Schau doch einfach mal in die Beispielkonfigurationen und erstelle dann einen Thread in der Kaufberatung (vorher bitte diesen Thread lesen: http://extreme.pcgameshardware.de/w...-richtig-bitte-erst-lesen-dann-schreiben.html ).


----------



## razzor1984 (17. Mai 2012)

*AW: auf wasserkühlung umsteigen lohnt es sich oder nicht*



MRT1991 schrieb:


> könnte einer von euch so nett sein und mir eine wakü zusammen stellen. damit ich ne ahnung habe was es so kostet um mein system vernünftig kühlen zu können.
> 
> danke schonmal im vorraus
> 
> ...


 
Stell mal etwas bei Aquatuning zusammen, oder bei einem Wakue-Shop deiner Wahl 

Ein paar Tipps gleich vorneweg: Den Gedanken an eine Interne Lösung würde ich mal gänzlich verwerfen, du bekommst in dein Gehäuse nicht genug Fläche hinein.
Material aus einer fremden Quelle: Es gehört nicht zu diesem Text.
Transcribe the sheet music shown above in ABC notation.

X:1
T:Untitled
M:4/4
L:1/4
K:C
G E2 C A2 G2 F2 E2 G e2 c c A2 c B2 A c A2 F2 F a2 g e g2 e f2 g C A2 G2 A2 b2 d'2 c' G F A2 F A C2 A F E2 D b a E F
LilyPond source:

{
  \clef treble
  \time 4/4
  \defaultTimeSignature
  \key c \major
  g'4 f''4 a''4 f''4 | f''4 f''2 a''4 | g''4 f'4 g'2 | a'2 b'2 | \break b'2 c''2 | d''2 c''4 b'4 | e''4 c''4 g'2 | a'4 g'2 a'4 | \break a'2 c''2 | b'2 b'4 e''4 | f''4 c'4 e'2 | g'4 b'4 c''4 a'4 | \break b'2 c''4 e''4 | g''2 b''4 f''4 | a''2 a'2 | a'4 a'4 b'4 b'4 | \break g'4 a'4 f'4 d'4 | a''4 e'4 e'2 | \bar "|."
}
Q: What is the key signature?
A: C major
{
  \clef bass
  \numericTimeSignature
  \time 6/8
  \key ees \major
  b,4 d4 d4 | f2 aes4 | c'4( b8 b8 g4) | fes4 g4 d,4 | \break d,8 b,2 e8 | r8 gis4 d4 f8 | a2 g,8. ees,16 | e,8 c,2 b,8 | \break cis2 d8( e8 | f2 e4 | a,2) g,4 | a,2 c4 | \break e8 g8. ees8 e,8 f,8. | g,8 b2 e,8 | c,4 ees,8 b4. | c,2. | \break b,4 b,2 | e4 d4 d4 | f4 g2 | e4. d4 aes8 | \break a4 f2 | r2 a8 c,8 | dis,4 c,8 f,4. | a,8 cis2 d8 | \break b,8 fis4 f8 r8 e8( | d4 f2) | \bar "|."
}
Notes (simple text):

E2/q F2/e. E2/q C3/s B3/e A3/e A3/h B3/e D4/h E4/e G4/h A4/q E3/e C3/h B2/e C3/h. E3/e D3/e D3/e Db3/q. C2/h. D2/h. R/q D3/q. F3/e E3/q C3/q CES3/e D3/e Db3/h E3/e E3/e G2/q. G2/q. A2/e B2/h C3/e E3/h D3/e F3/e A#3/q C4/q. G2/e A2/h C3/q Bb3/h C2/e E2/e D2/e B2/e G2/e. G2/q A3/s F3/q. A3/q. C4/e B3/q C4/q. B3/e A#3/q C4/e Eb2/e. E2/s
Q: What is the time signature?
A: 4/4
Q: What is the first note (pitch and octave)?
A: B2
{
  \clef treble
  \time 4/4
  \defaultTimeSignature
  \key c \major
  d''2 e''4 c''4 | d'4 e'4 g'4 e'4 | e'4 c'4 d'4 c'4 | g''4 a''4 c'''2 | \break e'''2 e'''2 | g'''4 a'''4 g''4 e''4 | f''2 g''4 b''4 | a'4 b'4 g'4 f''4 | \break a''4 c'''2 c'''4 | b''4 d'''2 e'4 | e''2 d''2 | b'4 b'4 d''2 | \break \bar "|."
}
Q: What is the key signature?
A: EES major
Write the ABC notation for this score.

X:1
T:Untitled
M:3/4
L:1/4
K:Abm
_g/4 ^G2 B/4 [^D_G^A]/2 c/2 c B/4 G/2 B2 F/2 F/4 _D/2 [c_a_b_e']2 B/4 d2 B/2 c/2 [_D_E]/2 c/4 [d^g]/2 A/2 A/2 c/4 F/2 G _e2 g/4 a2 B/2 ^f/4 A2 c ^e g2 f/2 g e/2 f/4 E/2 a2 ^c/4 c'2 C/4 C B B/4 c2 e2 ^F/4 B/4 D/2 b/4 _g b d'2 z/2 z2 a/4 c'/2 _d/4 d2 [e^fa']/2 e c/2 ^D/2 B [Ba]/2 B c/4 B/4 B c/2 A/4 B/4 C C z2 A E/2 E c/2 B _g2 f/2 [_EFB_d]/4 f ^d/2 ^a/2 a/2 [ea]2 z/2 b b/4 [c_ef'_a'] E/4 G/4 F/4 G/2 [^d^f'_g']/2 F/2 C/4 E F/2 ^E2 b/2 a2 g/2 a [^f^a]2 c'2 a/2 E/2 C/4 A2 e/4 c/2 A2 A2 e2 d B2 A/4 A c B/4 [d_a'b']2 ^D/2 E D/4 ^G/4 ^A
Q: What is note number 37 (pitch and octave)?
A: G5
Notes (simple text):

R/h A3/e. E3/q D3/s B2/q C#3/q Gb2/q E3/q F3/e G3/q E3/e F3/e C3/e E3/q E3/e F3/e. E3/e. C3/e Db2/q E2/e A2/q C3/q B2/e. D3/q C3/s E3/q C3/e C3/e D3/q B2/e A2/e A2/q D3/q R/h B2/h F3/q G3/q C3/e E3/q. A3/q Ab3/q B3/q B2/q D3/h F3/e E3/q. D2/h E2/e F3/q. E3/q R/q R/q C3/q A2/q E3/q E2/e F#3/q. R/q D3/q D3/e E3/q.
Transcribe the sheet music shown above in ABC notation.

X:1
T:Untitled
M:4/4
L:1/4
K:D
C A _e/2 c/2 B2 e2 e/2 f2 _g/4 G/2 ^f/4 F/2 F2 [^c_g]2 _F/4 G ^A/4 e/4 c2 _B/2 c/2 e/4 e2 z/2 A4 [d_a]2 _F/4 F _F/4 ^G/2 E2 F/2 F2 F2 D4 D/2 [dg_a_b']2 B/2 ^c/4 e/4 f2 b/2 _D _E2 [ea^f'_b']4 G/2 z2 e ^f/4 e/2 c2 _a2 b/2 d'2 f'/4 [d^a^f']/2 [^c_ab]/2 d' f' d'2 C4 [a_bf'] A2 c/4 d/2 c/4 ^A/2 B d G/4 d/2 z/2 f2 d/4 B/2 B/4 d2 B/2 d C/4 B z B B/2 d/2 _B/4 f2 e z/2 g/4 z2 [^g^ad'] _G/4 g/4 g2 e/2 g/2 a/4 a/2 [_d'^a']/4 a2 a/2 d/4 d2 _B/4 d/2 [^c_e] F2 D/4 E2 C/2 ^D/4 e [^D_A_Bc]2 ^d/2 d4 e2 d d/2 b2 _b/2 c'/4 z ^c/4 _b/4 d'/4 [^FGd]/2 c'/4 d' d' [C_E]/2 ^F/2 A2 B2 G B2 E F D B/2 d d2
Mein Tipp: 
Mora  (wenn nötig Coolance Schnellkupplungen)
Cpu Kühler nimm einen Kuplex Cryos aus Delrin
Grak obliegt dir - wenn aber Fullcover - (Auch der billigste Fullcover verrichtet gut sein Werk, glaubs mir  ) 
Vielleicht wärs möglich, den MORA seitlich ans Gehäuse zu Schrauben ^^

Netter Nebeneffekt wenn man gleich auf einen richtig großen Radi setzt, man kommt billiger weg und hat bedingt durch die Fläche mehr Kühlleistung.Ein weiterer Vorteil ist auch die Umgebungsluft, bei einer internen Lösung wird ja diese aufgeheizt (caseinterne)


----------



## MRT1991 (24. Mai 2012)

*AW: auf wasserkühlung umsteigen lohnt es sich oder nicht*

ja ich meine die luft vom inneren nach ausen blasen zu lassen also ihr sagt 2X 240er radis sind nicht genug ?
naja ok wens nicht geht dan auch gut.
das problem ist diese ich wollte es intern machen wegen meinem vater der darf das nicht sehen sonst muss ich mir wieder ne stand pauke anhören.
naja seitlich anschrauben hört sich nicht schlecht an aber kolege meinte das es keine gute idee sei weil der radi ja auch was wiegt. und wen ich sowas machen möchte dan will ich son schnell verschluss haben wo ich das einfach abstecken kan den radi hab ja hinten 2 löscher für externe waküs.und erreiche ich mit externe radi sehr gute kühl eigenschaften?


----------



## StefanKFG (24. Mai 2012)

*AW: auf wasserkühlung umsteigen lohnt es sich oder nicht*

Zumindest besser, als wenn du es intern verbaust und die Luft aus dem Gehäuse nach draußen drückst. Andersrum ist es kein Unterschied. Der Vorteil von extern ist einfach, dass du nicht auf das Volumen deines Gehäuses begrenzt bist und somit Radis einsetzen kannst, die normalerweise nicht in dein Case gepasst hätten.


----------



## On/OFF (27. Mai 2012)

*AW: auf wasserkühlung umsteigen lohnt es sich oder nicht*

Zur ersten Frage des TE`s

Das lohnt sich auf jeden Fall   ....................


----------



## ich111 (27. Mai 2012)

*AW: auf wasserkühlung umsteigen lohnt es sich oder nicht*

Ich würde der Graka einen ordentlichen Luftkühler holen, da erziehltst du wahrscheinlich eine geringere Lautstärke als mit einer Wasserkühlung und hast auch gute Temperaturen


----------



## On/OFF (27. Mai 2012)

*AW: auf wasserkühlung umsteigen lohnt es sich oder nicht*



ich111 schrieb:


> Ich würde der Graka einen ordentlichen Luftkühler holen, da erziehltst du wahrscheinlich eine geringere Lautstärke als mit einer Wasserkühlung und hast auch gute Temperaturen




wasn das fürn Schwachsinn ^^... ger Laut als mit Wasserkühlung  .............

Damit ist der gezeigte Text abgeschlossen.